## DATA SHOWN:

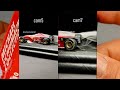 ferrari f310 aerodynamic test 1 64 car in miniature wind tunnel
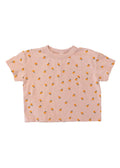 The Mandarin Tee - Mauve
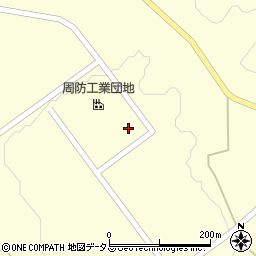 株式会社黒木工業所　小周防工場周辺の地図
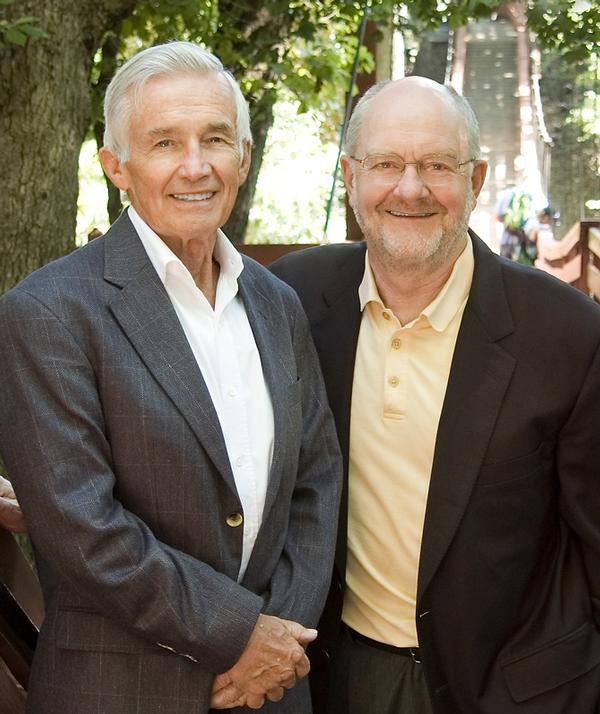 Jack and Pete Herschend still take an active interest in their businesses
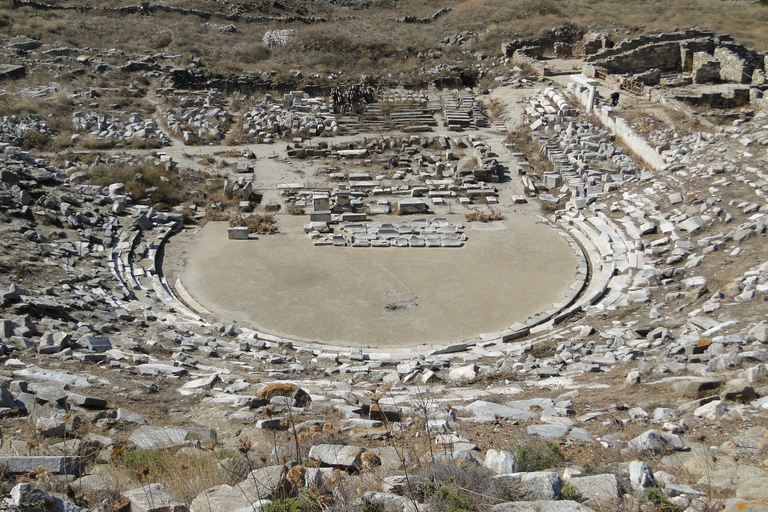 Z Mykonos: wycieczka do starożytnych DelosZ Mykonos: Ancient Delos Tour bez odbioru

## WHAT IS NEEDED:
Word for word, give the data above again, without any images.

## EXERCISE OUTPUT:
 ferrari f310 aerodynamic test 1 64 car in miniature wind tunnel
 The Mandarin Tee - Mauve
 株式会社黒木工業所　小周防工場周辺の地図
 Jack and Pete Herschend still take an active interest in their businesses
 Z Mykonos: wycieczka do starożytnych DelosZ Mykonos: Ancient Delos Tour bez odbioru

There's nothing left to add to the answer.